In still another implementation, when each of the four tumbler rings has ten possible positions, an example design algorithm can include two independent steps. Both of the two independent steps depend on a study on what is the most frequently used letters in a group of words. Different studies based on different selections of the group of words (e.g., in Webster dictionary, in press, or in literature) may yield different lists of most frequently used letters. In one specific example, a study found that most frequently used letters follows the following list: “etaoinsrhldcumfpgwybvkxjqz.” Based on this list of most frequently used letters, in the first independent step, the top fourteen most-frequently-used letters are selected and the five vowels are discarded; the resulted nine letters, “tnsrhldcm,” are selected as the alphabetical-letter position-labels for the first tumbler ring. In the second independent step, the top nine most-frequently-used letters, “etaoinsrh,” are selected as the alphabetical-letter position-labels for each of the second, third, and fourth tumbler rings. FIG. 4 shows a table 400 that lists the position-labels for each of the four tumbler rings based on the design algorithm as described above. In table 400 as shown in FIG. 4, each of the four tumbler rings has ten positions in which each of nine positions is labeled with an alphabetical-letter and one position is labeled with a wild-card.

Based on above teachings, people skilled in the art can use other design algorithms to select multiple alphabetical-letters, and subsequently, use a wild-card along with the selected multiple alphabetical-letters as the position-labels for each of the tumbler rings.

FIG. 5 shows an example of a briefcase 500 that includes two combination locks 100A and 100B. Each of the two combination locks (100A, or 100B) includes four tumbler rings, 20, 40, 60, and 80. Each tumbler ring (20, 40, 60, or 80) can be settled at one of multiple predetermined positions. On each tumbler ring, there are multiple position-labels. Each of the multiple position-labels indicates one of the multiple positions that a tumbler ring can settle at. Each tumbler ring has a wild-card position-label (e.g., 45) and multiple alphabetical-letter position-labels. Each of the multiple alphabetical-letter position-labels is a single alphabetical-letter. The wild-card position-label can be a star “*”, dollar sign “$”, a company log, or simply a blank. Other selections of the wild-card position-label are also possible.

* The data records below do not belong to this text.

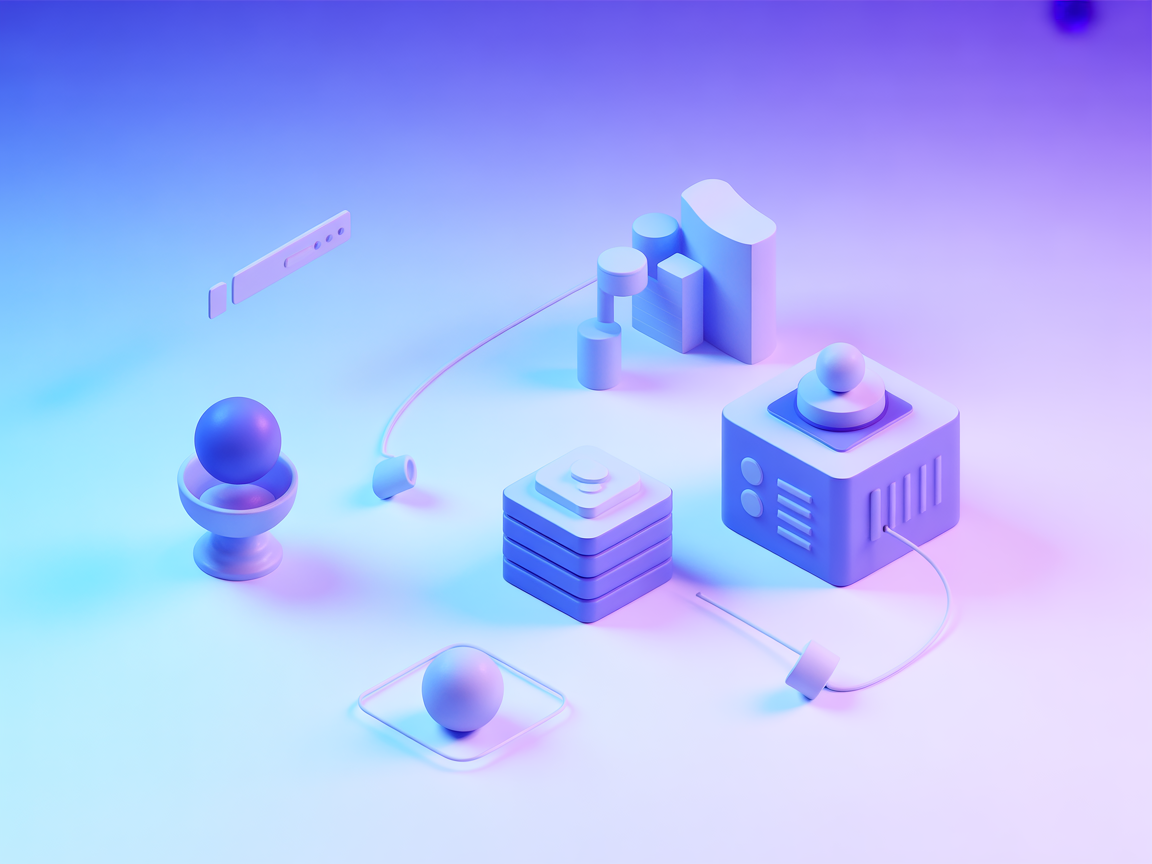 Minimalist illustration symbolizing integration and workflow control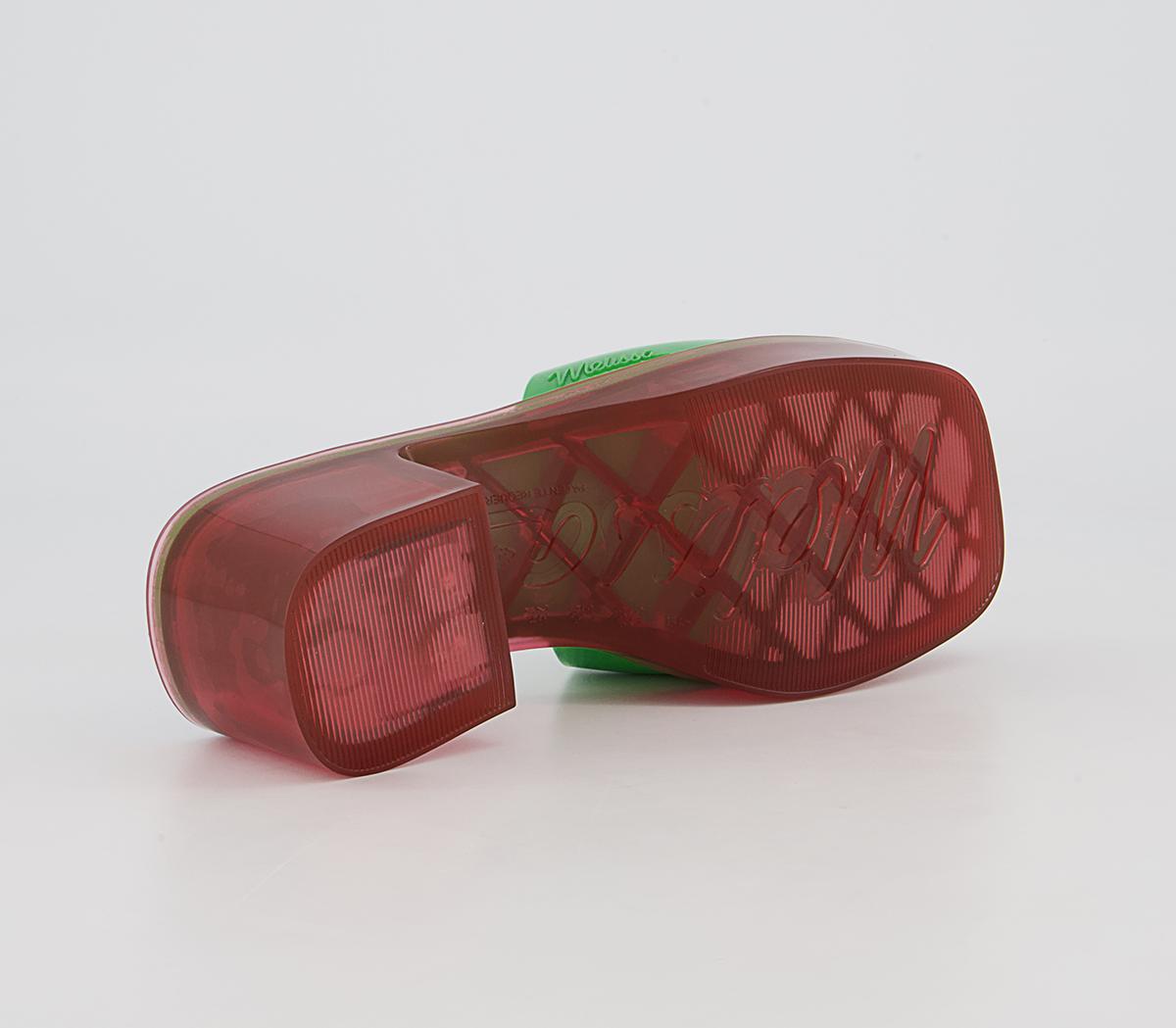 Melissa Melissa X Lazy Oaf Shape Sandals Melissa Melissa X Lazy Oaf Shape Sandals Green Contrast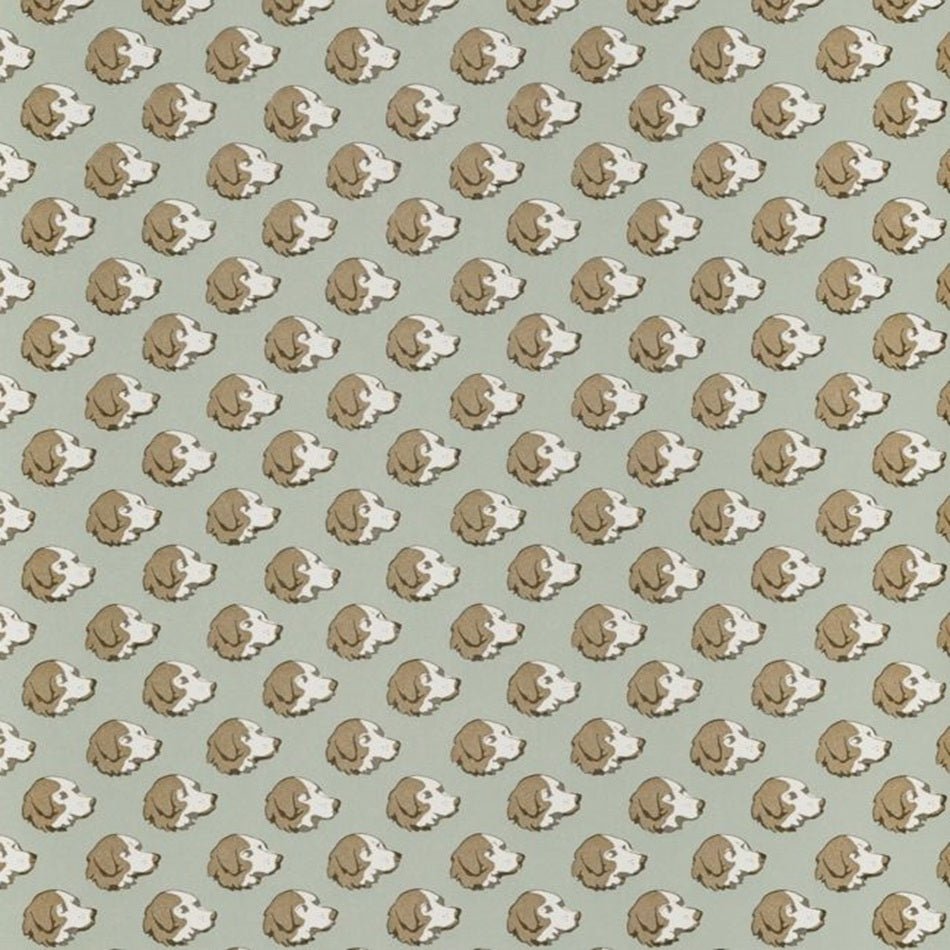 On The Scent Wallpaper - Slate Blue - Mulberry Home - FG089/H54 - Premier Wallcovering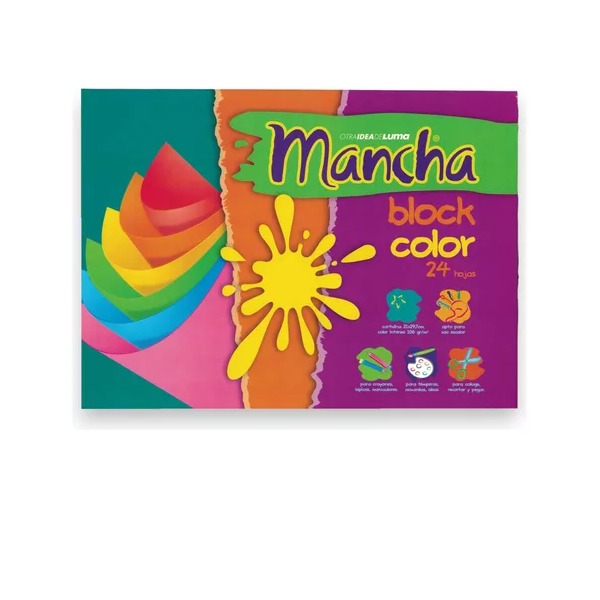 BLOCK LUMA MANCHA A4 24 HOJAS COLOR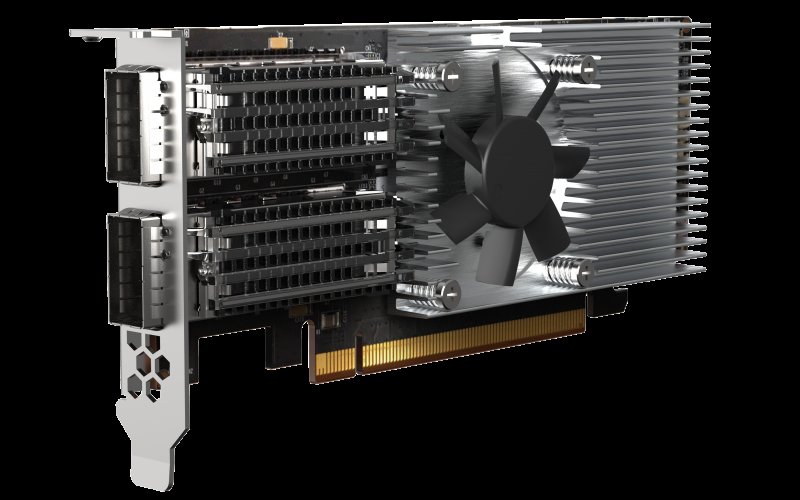 QNAP QXG-100G2SF-E810 - 100GbE (2porty) PCIe karta, nízký profil, PCIe Gen4 x16 - obrázek produktu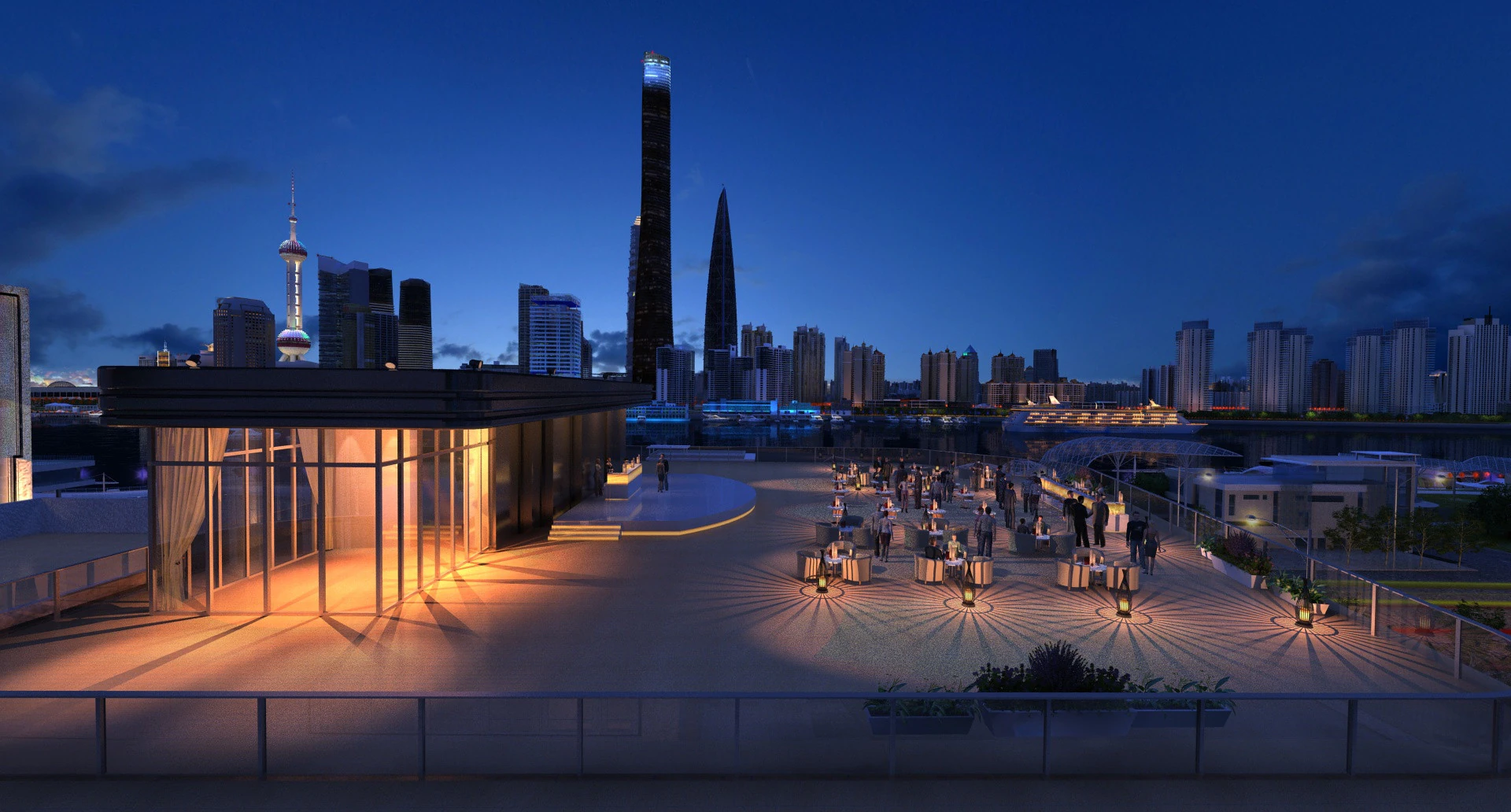 The Bund 3D Model .c4d .max .obj .3ds .fbx .stl .blend 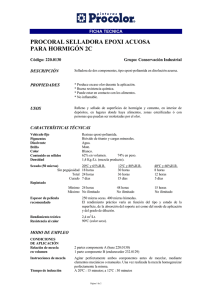220 Procoral Selladora Epoxi Acuosa para HormigÃ³n 2C (PDF)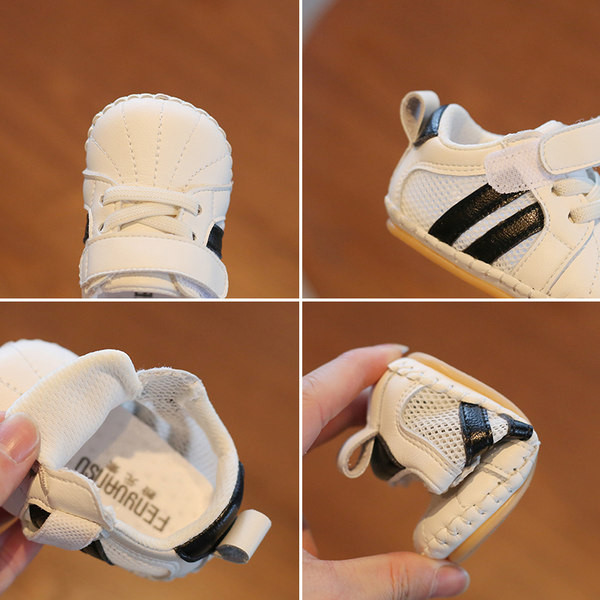 Dječje cipele od eko kože sa vezicama i čičak zakrpama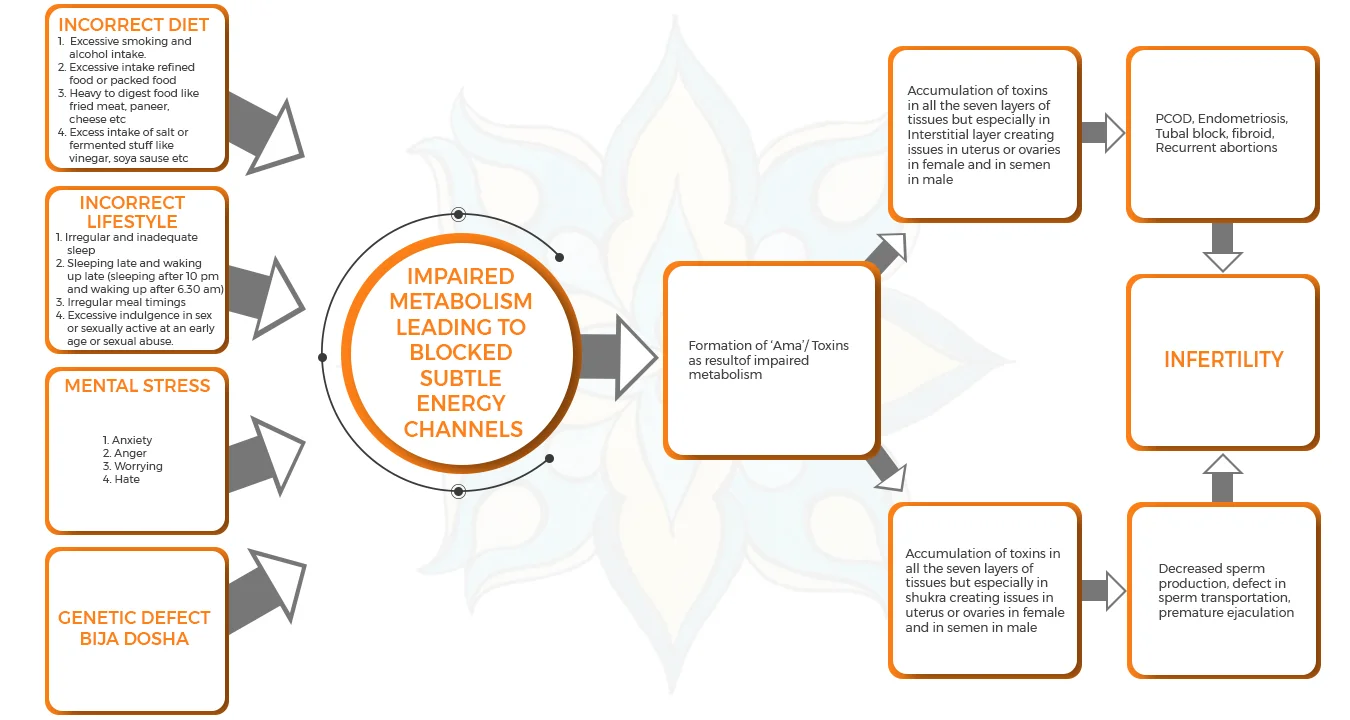 Ayurvedic treatment for Infertility (flowchart)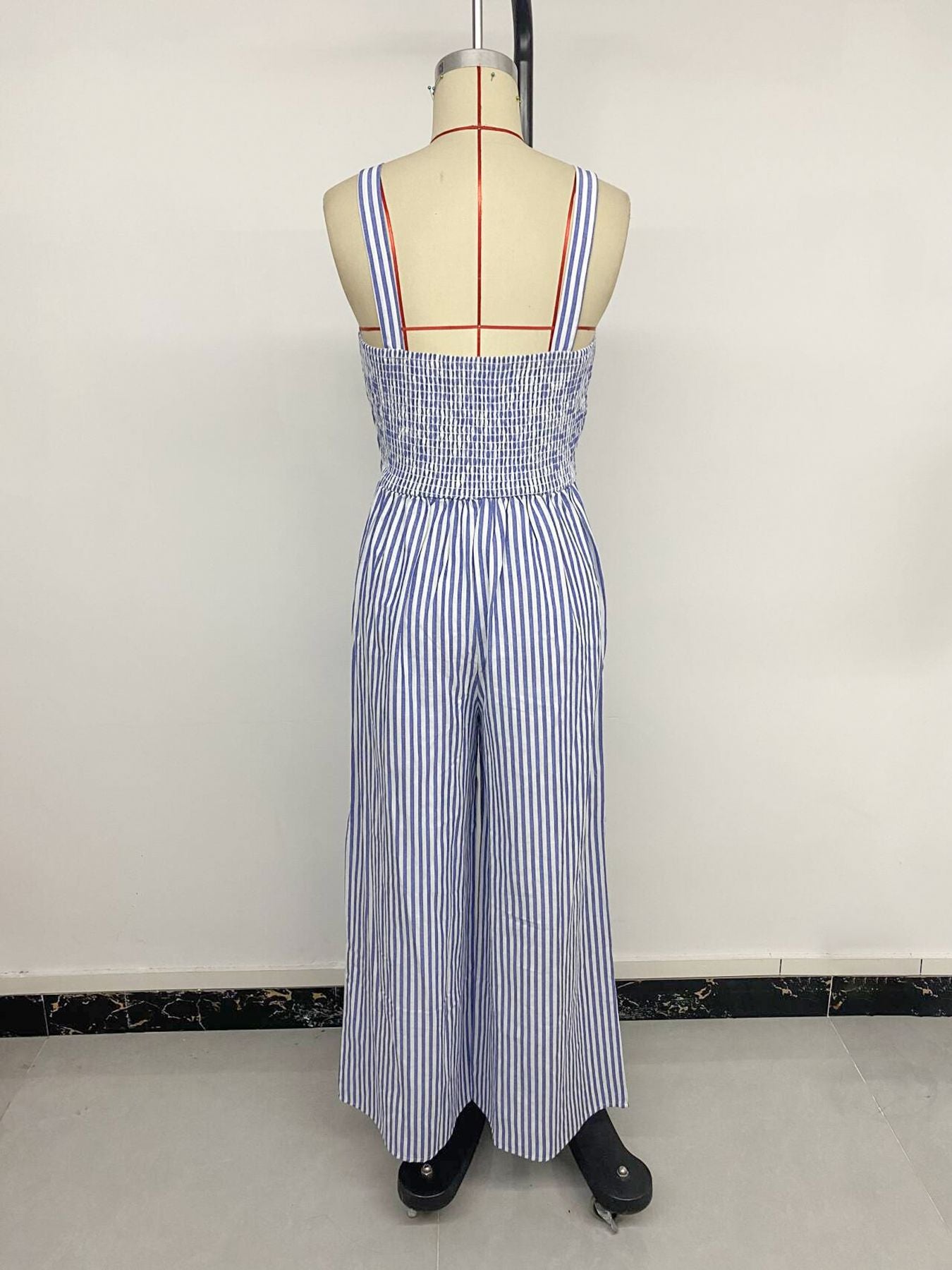 Stylish Striped Cut-Out Jumpsuit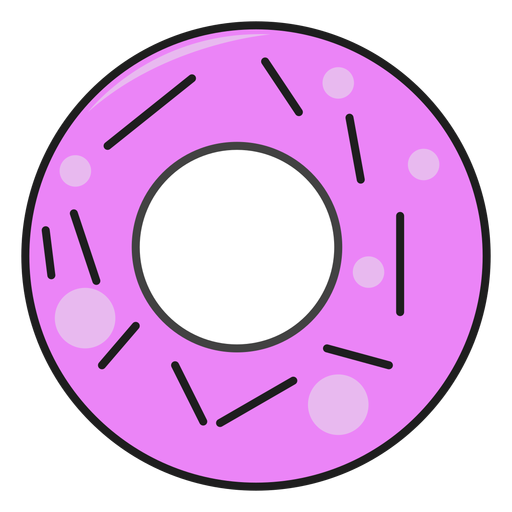 Stroke bakery donut PNG Design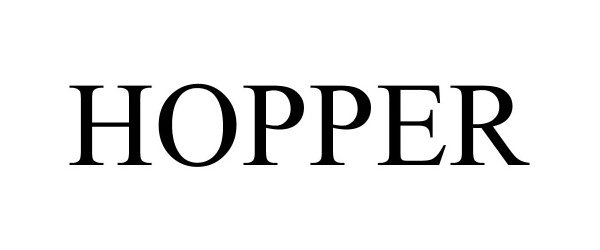 Trademark Logo HOPPER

In FIG. 5, when each of the two combination locks (100A, or 100B) includes four tumbler rings, large number of eight-letters words can be spelled. For example, assume that the position-labels for the four tumbler rings on each combination lock (100A, or 100B) are selected based on table 400 on FIG. 4, then, “SUITCASE” can be spelled as “S*ITCASE”; where the wild-card “*” is used to represent letter “U” that can not be found on tumbler ring 40 in combination lock 100A.

In the implementation as shown in FIG. 5, briefcase 500 includes two combination locks. In other implementations, briefcase 500 can include one combination lock. Still in other implementations, 500 can include more than two combination locks.

The present invention has been described in terms of a number of implementations. The invention, however, is not limited to the implementations depicted and described. Rather, the scope of the invention is defined by the appended claims.